Sure, there are pitfalls even in this:  No relationship strategy is perfect, not even being single.  There are so many pitfalls that it’ll make you think that it just isn’t possible… but it is – go ask Seattle Poly Chick and Lifeofalovergirl.  Of course, I’m not even suggesting that all the lonely women out there run out and jump into this relationship aspect – you have really got to have your head in an entirely different space and there are other skills that must be learned in order to make being a side chick a good thing instead of the bad thing everyone says it is.

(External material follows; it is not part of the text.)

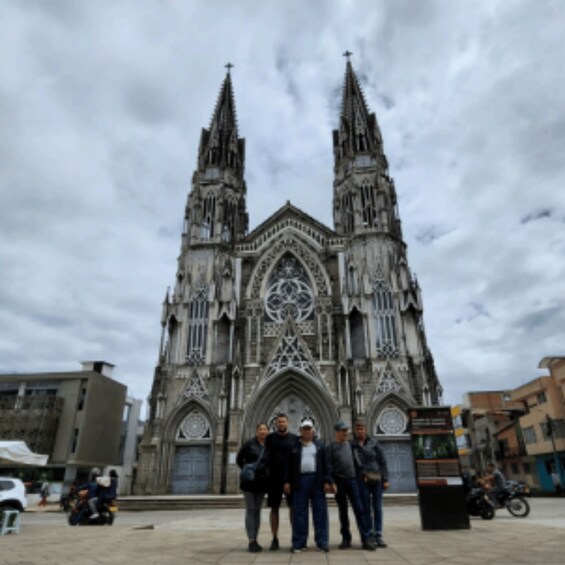 A Gothic cathedral with two spires, a group of people standing in front, and a cloudy sky. 2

Is it immoral?  They say it is since it spits in the face of monogamy but is it really immoral and more so since humans used to live like this before the concept of monogamy came along?  Is it bad for a woman’s self-image, their self-worth, things like that?  It can be if they believe this to be so and can be compounded if she’s been the chick on the side and the other person just basically screwed them over – which is what usually happens because, again, not everyone knows how to do this and what it takes to do it; not everyone wants to go through the mental exercises and change that is necessary to be a part of something and be happy in that part.  At some point, the women who have done this and made it work for them asked themselves an important question:  “What is the price of my happiness?”  And a lot of women do put a very high price on it, placing their integrity far above their desire and need to be loved, happy, and needed – and it’s understandable… but even I have asked, “What are you willing to do for love?  Would you really do anything to achieve that desirable goal?”

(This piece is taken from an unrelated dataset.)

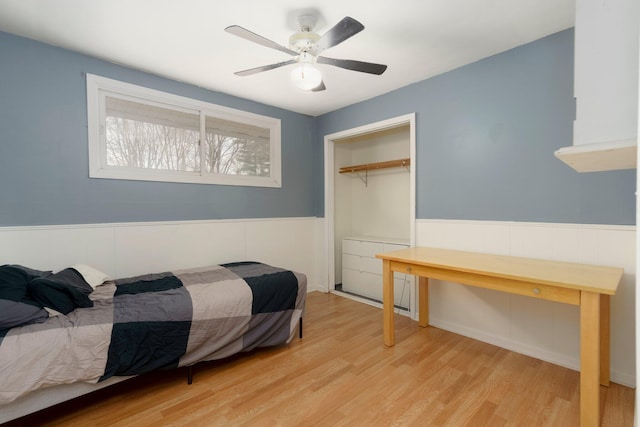 bedroom with a closet, wainscoting, ceiling fan, and wood finished floors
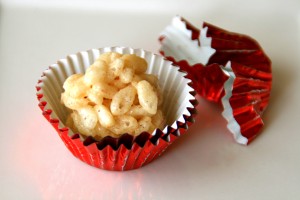 Truffled Rice Krispies Treats in red foil cup on Shockingly Delicious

Usually, the answer is no… and they still wonder why they don’t have anyone in their lives.  There’s nothing wrong with sitting on their cute asses and waiting for Mr. Right to come along… but where is it written that you can’t have some fun while you’re waiting?  Why would you want to be alone and miserable when you don’t have to do either… but you’re gonna let your belief in monogamy control things instead of applying some logic or even following one’s heart.  What’s wrong with getting your own side piece?  Not one damn thing but as with any relationship, one must weigh the pros and cons and have a plan – one of the skills that has to be learned and mastered is time management.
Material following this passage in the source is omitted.